▶ What to produce
Repeat verbatim, and only, the lines of the data below, beginning at the line that contains "Close up of Cream Kurta with embroidery work" and stopping after the line that contains "kittymonroe1 online show".

__________________________________________________

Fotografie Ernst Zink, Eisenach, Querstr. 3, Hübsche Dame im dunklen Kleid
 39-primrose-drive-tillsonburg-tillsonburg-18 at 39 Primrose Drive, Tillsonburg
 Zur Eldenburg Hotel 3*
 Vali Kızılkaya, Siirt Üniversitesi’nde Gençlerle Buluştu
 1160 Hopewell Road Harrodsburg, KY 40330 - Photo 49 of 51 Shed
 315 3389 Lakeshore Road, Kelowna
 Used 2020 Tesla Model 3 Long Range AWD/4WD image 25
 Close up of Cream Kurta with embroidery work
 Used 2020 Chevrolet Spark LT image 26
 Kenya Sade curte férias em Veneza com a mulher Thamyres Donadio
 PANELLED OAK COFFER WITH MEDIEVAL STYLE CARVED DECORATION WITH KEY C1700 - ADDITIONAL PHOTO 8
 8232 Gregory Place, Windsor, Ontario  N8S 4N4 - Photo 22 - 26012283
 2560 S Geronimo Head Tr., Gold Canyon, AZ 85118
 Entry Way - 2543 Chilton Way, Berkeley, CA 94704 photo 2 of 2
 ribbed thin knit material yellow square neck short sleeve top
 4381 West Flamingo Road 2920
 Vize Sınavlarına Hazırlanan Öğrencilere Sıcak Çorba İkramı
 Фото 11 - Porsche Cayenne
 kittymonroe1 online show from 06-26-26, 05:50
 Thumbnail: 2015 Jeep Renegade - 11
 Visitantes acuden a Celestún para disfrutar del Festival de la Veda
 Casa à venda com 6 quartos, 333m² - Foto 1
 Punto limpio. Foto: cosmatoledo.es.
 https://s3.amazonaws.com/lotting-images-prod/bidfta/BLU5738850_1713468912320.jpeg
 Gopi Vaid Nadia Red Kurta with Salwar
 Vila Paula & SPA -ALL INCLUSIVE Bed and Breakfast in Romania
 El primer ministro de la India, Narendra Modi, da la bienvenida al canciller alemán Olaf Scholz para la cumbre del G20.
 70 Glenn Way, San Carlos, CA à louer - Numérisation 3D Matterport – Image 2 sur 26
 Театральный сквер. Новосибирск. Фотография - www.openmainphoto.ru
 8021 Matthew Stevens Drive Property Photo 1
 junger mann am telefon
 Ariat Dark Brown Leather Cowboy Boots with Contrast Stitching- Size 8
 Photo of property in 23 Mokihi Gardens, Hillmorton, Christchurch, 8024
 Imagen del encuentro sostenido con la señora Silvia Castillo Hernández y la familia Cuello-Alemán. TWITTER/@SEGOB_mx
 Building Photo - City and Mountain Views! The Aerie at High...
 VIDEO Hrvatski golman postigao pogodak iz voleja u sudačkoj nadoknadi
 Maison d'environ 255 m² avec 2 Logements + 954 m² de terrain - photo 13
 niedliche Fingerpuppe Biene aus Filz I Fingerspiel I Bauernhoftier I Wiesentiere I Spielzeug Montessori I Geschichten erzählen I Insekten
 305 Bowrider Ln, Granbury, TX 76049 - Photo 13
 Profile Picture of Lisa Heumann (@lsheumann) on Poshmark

__________________________________________________

▶ Problem solution
 Close up of Cream Kurta with embroidery work
 Used 2020 Chevrolet Spark LT image 26
 Kenya Sade curte férias em Veneza com a mulher Thamyres Donadio
 PANELLED OAK COFFER WITH MEDIEVAL STYLE CARVED DECORATION WITH KEY C1700 - ADDITIONAL PHOTO 8
 8232 Gregory Place, Windsor, Ontario  N8S 4N4 - Photo 22 - 26012283
 2560 S Geronimo Head Tr., Gold Canyon, AZ 85118
 Entry Way - 2543 Chilton Way, Berkeley, CA 94704 photo 2 of 2
 ribbed thin knit material yellow square neck short sleeve top
 4381 West Flamingo Road 2920
 Vize Sınavlarına Hazırlanan Öğrencilere Sıcak Çorba İkramı
 Фото 11 - Porsche Cayenne
 kittymonroe1 online show from 06-26-26, 05:50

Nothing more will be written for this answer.